Wow. I can’t believe we’ve already plowed through 4 weeks of Euro travel tips!
March 6th: Intro to Hopping the Pond
March 13th: Get Yer Transportation On!
March 20th : Where to Sleep?
March 27th : Eating your way through Europe...yummo.
April 3rd: Shop 'till Ya Drop! (that's TODAY!)
Now we’re onto the really fun part of Europe travel.
In true frugal mama style!
I’ll be covering my personal favorites, where I’ve found the best deals. You won’t see me posting about the Gucci store or Yves Saint Laurent. I just don’t consider those a good deal – ever! But, that’s just my style.
I’m actually going to go ahead and split this blog into two weeks. As I was typing this all up, it got long - really long! I have a lot to say here!

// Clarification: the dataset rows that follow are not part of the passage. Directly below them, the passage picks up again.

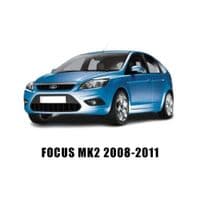 FORD FOCUS MK2 1.8 TDCi CATALYTIC CONVERTER DPF 7M51-5E211-CB 2005 - 2011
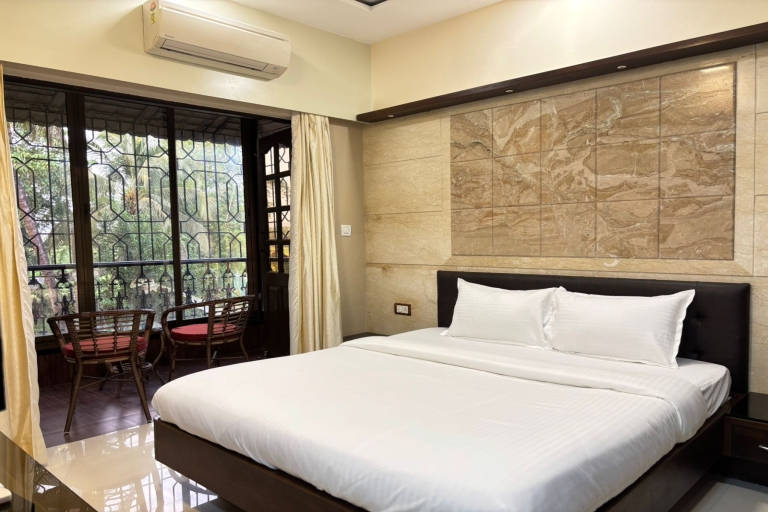 Wind Chimes 3BHK Apartment with Common Pool -Calangute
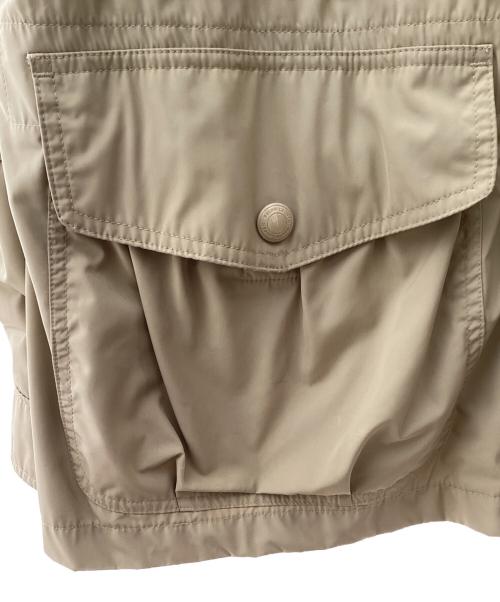 POLO RALPH LAUREN（ポロ・ラルフローレン）POLO RALPH LAUREN (ポロ・ラルフローレン) ミリタリージャケット ベージュ サイズ:Lの古着・服飾アイテム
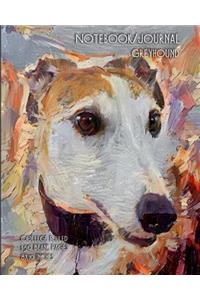 Notebook/Journal - Greyhound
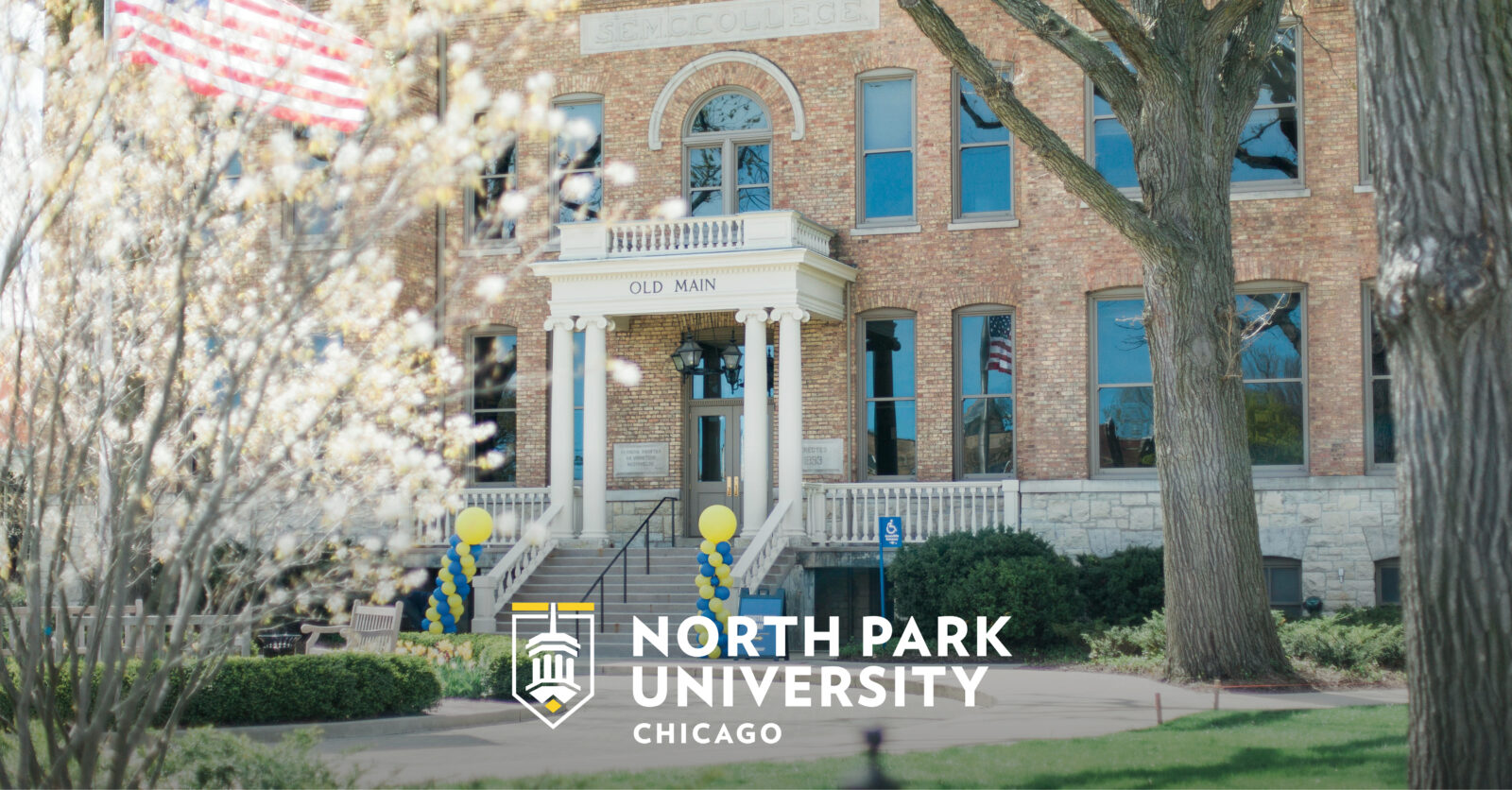 Lance Nelson - North Park University - Chicago, Illinois, United States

So this week we’ll cover Euro shopping for Housewares, Antiques, and Crafts & Fabric.
Next week we’ll head over to clothing, shoes and foods (ie; chocolate!).
Okay, so get your pen & paper ready (or printer!).
Here we go!
While in France, look up BHV- the sister store to the fabulous Galeries Lafayette.
I definitely recommend visiting Galeries Lafayette, just so you can say you’ve seen it. I never thought that a department store could be considered “beautiful”, but this one is stunning.
Fun to visit, but high prices.
So anyway, onto Gallerie’s sister, BHV.
BHV is actually great for housewares, books, and I’ve found a few great deals on clothing. Most of their stores are @ 3 or 4 stories high, so you’ll have plenty of things to peruse.
In Switzerland, Interio is fabulous. IKEA-like prices, but more of a chic and somewhat shabby feel.
I’ve wanted to bring the entire store home with me several times over!
By far, the best place for interior fabrics is Marché Saint-Pierre in Paris.
This is a fabric store that will boggle your mind. It's actually an outlet to the big-daddy fabric district of Paris, so prices are incredible.
I've written about this area of Paris previously...you can find it here!
I purchased this fabric for @ 10 euros per yard (@ $13 per yard)
Once I got it home, I realized that it wasn't just 60" wide - it was 90" wide! That's a ton of fabric, just waiting for a whole lotta fun!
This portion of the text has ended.